Your goal » Look through the entries below for the line with "Diulosi di Kantornya, Ketua" and the line with "où trouver une", then give again exactly those two lines and all lines between them, minus the pictures.

::: Given entries

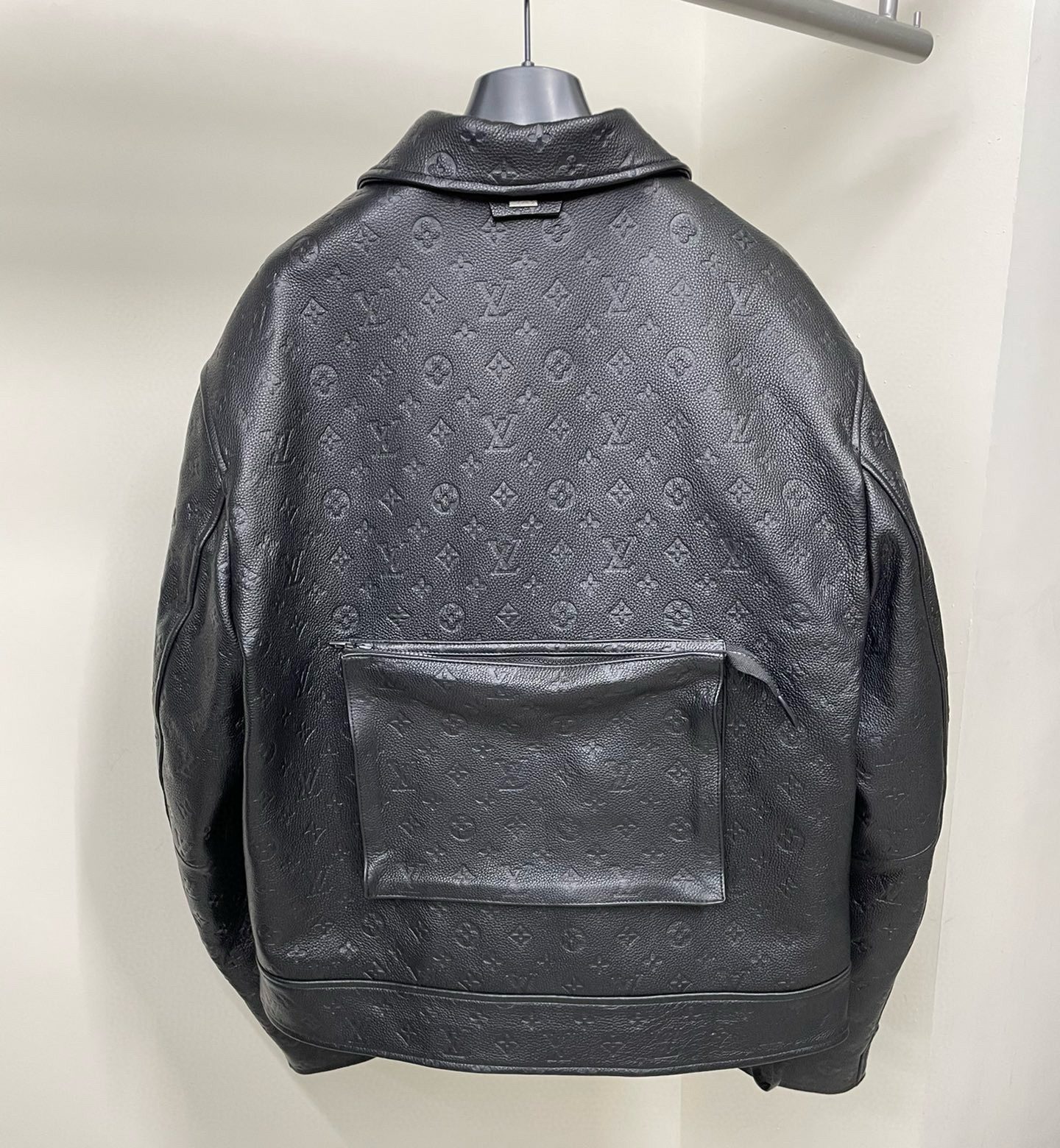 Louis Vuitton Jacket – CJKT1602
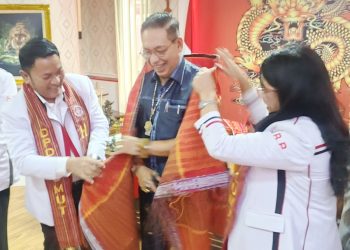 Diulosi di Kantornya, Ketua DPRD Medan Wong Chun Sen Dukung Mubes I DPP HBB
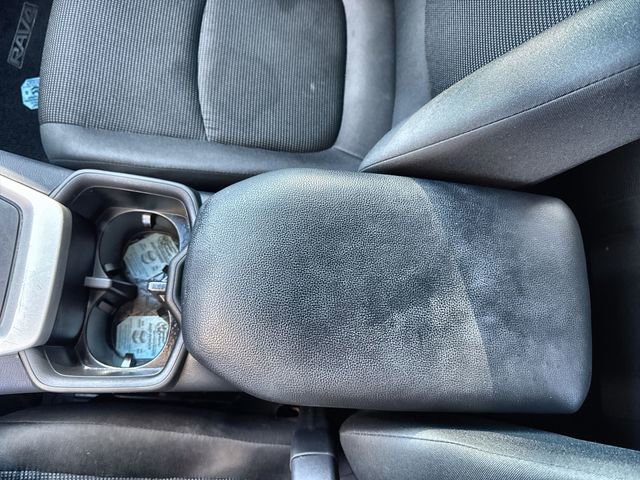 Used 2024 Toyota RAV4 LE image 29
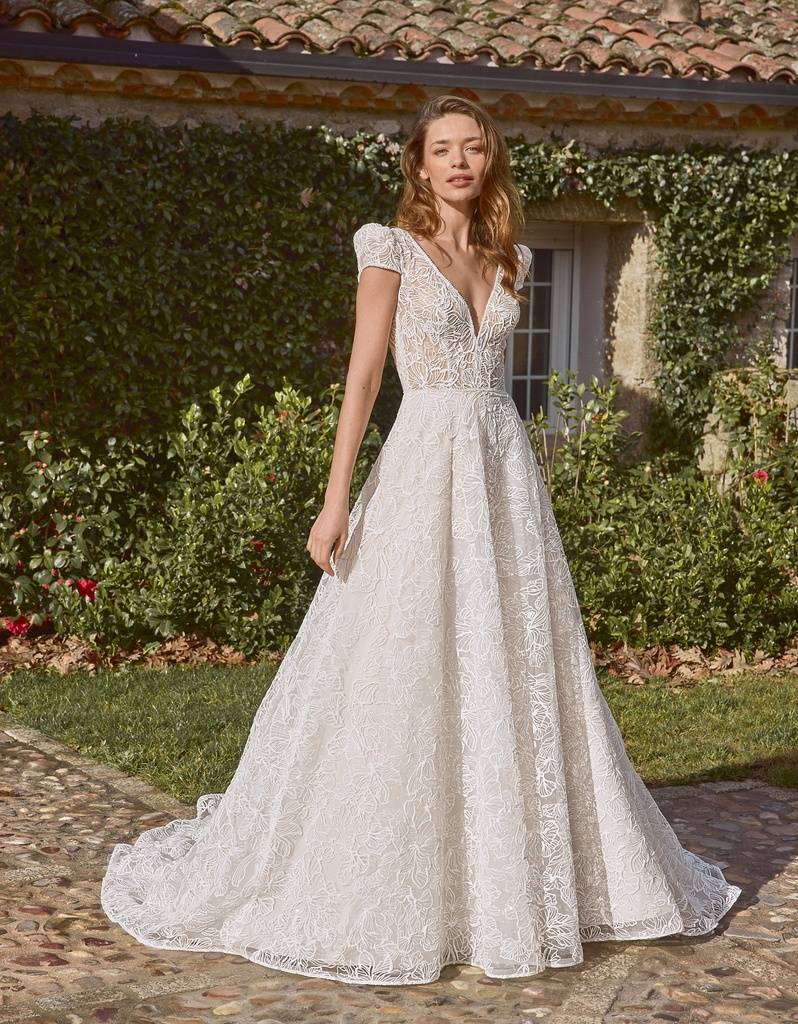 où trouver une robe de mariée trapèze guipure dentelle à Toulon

::::::
::: Given entries

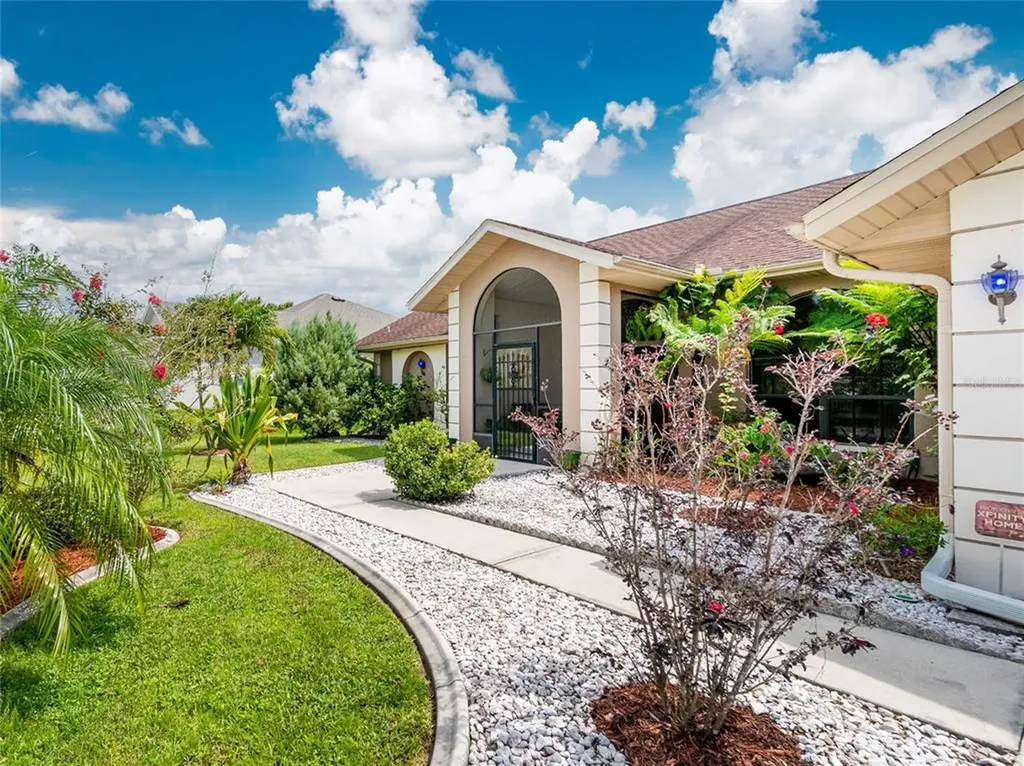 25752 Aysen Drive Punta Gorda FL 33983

::::::

Task answer »
 Diulosi di Kantornya, Ketua DPRD Medan Wong Chun Sen Dukung Mubes I DPP HBB
 Used 2024 Toyota RAV4 LE image 29
 où trouver une robe de mariée trapèze guipure dentelle à Toulon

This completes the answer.